Nearby there’s the gore where westbound traffic from Knox Butte Road feeds into Pacific Boulevard at the same place as the first southbound Albany off-ramp from Interstate 5.
The Knox Butte shoulder, which serves as a bike lane through the freeway underpass, delivers cyclists to the confluence of two high-speed traffic lanes without any easy way of escape.
That’s where patience comes in, as the video shows. Someone on a bike should stop at the point of the gore and try to look straight back over his right shoulder, hoping for a gap in the off-ramp traffic before dashing across. It’s complicated by the fact that drivers coming off the freeway are still going more or less at freeway speed.
There’s no ready solution to this gore situation. If there was, it would be out of the city’s hands because, as you can see on the map below, the point of that gore is outside the city limits. (hh)
Thank you for posting. Bike more, bike often, reduce emissions, get healthy, educate our fellow citizens on bike laws, and let us all continue to make bicycling more safe in Albany. It only takes one simple road rage by a car and a life is lost on a bike. Bikes and automobiles are equal in the eyes of the law when it comes to the road. If there is a person on a bicycle riding on the opposite side of the road, without a helmet, and then crossing illegally, we need to educate but also have the police ticket them as well. Lastly, more bikes mean less traffic, less costly infrastructure, and our bridges will last longer. A win for taxpayers.

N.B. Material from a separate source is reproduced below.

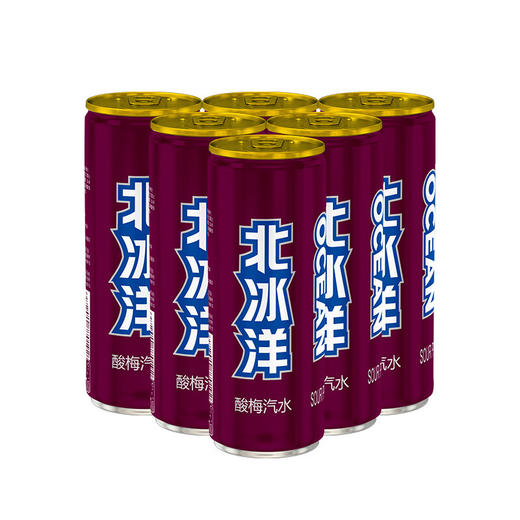 北冰洋 听装酸梅汽水330ml * 24 商品图5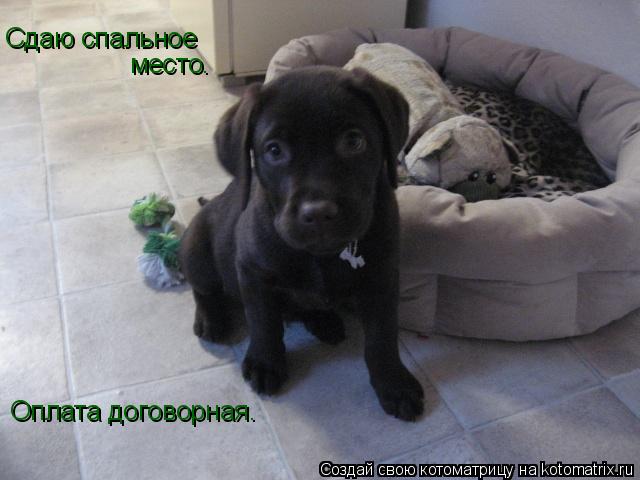 Сдаю спальное место. Оплата договорная.... Котоматрица: Сдаю спальное место. Оплата договорная.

Well Hasso, I backed over the front wheel of my bicycle with my truck recently, so I am dismounted until that gets fixed. I really like your commentary on bicycling around town. Keep your head on a swivel, stay away from the bad places and ride on. By the way, the Hasso Hering bike trail on Riverside Drive is not exactly safe.
But safer than before Linn County widened half of Riverside Drive. Waiting for the other half, the section all the way to Highway 34, to be widened as well.
It happened again just yesterday on Riverside Drive. I looked ahead and noticed a bike on the right shoulder heading north and a bike on the left shoulder heading south. As Murphy’s Law would have it, I also noticed I was going to pass an oncoming vehicle at the exact same time as both bikes. So I decelerated to avoid the very unsafe conjunction of all 4 entities. And that was in the already widened area, let alone the still to be widened last half of Riverside.
Any update on that?
Hasso i certainly have a different view of those two intersections now. So dangerous for bikes. I will definately pay more attention next time I drive through those. Thank you for pointing them out.
It’s similar to the 9th St. to pacific route you showed a few months back. Sometimes you simply have to wait. Sometimes for a long, long time. You finally take off to cross and then hear the roar of the car that just turned right from Geary with their foot to the floor and you don’t know if they are going right, left or even see you.
I pass through the Wilco parking lot and pass by McDonalds to turn right on the sidewalk to pass under I-5. Wouldn’t consider being on the street there. Return the same way. Pedestrian traffic is pretty low. Why look for trouble?